The extended SREN rules impose a mandatory age-verification system for access to pornographic sites, with ARCOM empowered to order the blocking of non-compliant adult sites to protect minors.
Platform responsibility for illegal content rests on the long-standing LCEN regime (notice-and-takedown, hosting-provider liability) reinforced by SREN measures for faster takedown, sanctions, and temporary account bans for users convicted of online hate speech, enforced by ARCOM.
The adapted text strengthens penalties against cyber-harassment and gives regulators tools to act against disinformation spread by foreign audiovisual media subject to EU sanctions.

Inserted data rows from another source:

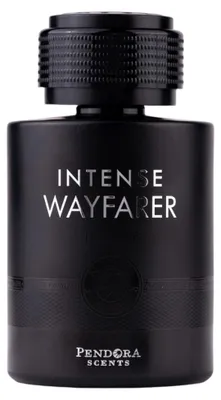 Obrázek produktu pro Intense Wayfarer Homme woda perfumowana spray 100ml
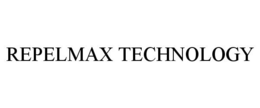 REPELMAX TECHNOLOGY trademark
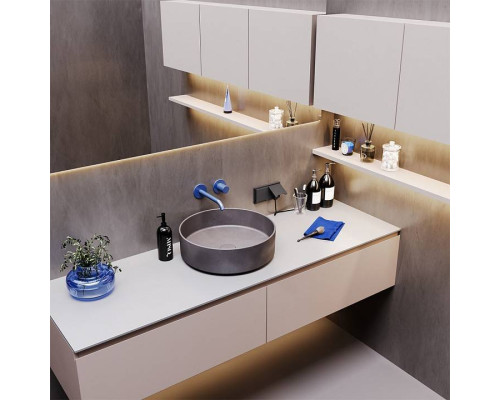 Рамка на 2 поста Voltum S70 VLS100207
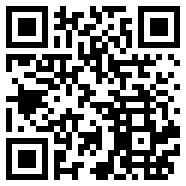 日本直播APP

On 14 May 2024, amid violent unrest over voting reforms, the French government blocked TikTok across New Caledonia for roughly two weeks (until 29 May) under 1955 state-of-emergency powers — France's first national social-media shutdown.
After initially refusing to suspend the block for lack of urgency (23 May 2024), the Conseil d'État annulled the Prime Minister's 14 May 2024 decision on 1 April 2025 (n° 494511), finding it failed the strict conditions of the 'exceptional circumstances' doctrine.